2. Ruling on the AG Defendants' Motion to Dismiss

After carefully considering the matter, the Court grants this motion for the reasons stated in the AG Defendants' memoranda of law. See, supra, Part III.A.1. of this Decision and Order. To those reasons, the Court adds the following analysis.

Regarding Plaintiff's disparate-treatment theory of liability, the Court rejects that theory on the additional ground that the Amended Complaint alleges only conclusorily that Defendants treated Amir differently than they treated others similarly situated because of his mental illness. For example, of the 49 Defendants against whom this claim is asserted, 14 are mental health care professionals, [12] 30 of the other 35 officials being John or Jane Doe Defendants (against whom scant, if any, factual allegations are asserted).[13] With regard to the 14 mental health care professionals, it appears implausible to the Court that those mental health professionals, whose job it was to care for mentally ill patients such as Plaintiff, intentionally discriminated against him based on his mental illness.[14]

Moreover, with regard to all 49 of these Defendants, the Court notes that Paragraphs 69, 79 of 108 of the Amended Complaint are based merely on "information and belief." (Dkt. No. 38, at ¶¶ 69, 79, 108 [Plf.'s Am. Compl].) Granted, such allegations may suffice "where [1] the facts are peculiarly within the possession and control of the defendant or [2] where the belief is based on factual information that makes the inference of culpability plausible." Arista Records, LLC v. Doe 3, 604 F.3d 110, 120 (2d Cir.2010) (internal quotation marks omitted). However, here, Plaintiff has identified no barrier that would prevent her from obtaining the identify (or even a description) of any of the other individuals to whom she compares Amir. See, e.g., Installed Bldg. Prods., LLC v. Cottrell, 13-CV-1112, 2014 WL 3729369, at *4 (W.D.N.Y. July 25, 2014) ("The Plaintiff has identified no barrier that would prevent it from simply asking the customers or employees it alleges Cottrell has solicited whether Cottrell has, in fact, solicited them.").[15] As a result, Plaintiff's "information and belief" allegations will suffice only if the belief is based on factual information that makes the inference of culpability plausible. However, here, the "factual information" relied on by Plaintiff is not alleged. (Dkt. No. 38, at ¶¶ 69, 79, 108 [Plf.'s Am. Compl].) This remains the case even when the Court considers the 307 pages of exhibits attached to Plaintiff's Amended Complaint. (Dkt. No. 38, Attach. 1-8.) Simply stated, this theory of liability is vague, speculative and conclusory. See, e.g., JBCHoldings NY, LLC v. Pakter, 931 F.Supp.2d 514, 526-27 (S.D.N.Y. 2013).

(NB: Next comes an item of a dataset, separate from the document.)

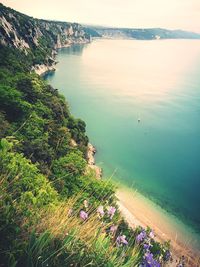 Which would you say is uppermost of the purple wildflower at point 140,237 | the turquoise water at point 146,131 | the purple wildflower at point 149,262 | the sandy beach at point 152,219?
the purple wildflower at point 149,262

Regarding Plaintiff's disparate-impact theory of liability, the Court rejects that theory on each of two grounds: (1) as an initial matter, the Amended Complaint fails to allege facts plausibly suggesting the existence of any policy whatsoever; and (2) in any event, the Amended Complaint fails to allege facts plausibly suggesting that any such policy imposed a significantly adverse or disproportionate impact on a protected group of individuals. The Court notes that, with regard to Amir's treatment in the CNY Psychiatric Center, Plaintiff does not allege facts plausibly suggesting that other mental health patients were treated differently than was Amir based on their particular mental illness, or that Amir could have even participated in any DOCCS program or service while he was a patient at the CNY Psychiatric Center.[16] With regard to Amir's treatment in DOCCS, Plaintiff does not allege facts plausibly suggesting that other mental health patients were treated differently than was Amir based on their particular mental illness (e.g., receiving access to TrICP, SOTP and/or ARTP), or even that all mental health patients were denied access to TrICP at Mid-State C.F., or to TrICP, SOTP and/or ARTP at Mid-State C.F.[17] In any event, Plaintiff does not allege facts plausibly suggesting that non-mentally-ill inmates convicted of a disciplinary offense and serving a sentence in SHU can participate in programs and services (such as the TrICP, SOTP and ARTP).[18]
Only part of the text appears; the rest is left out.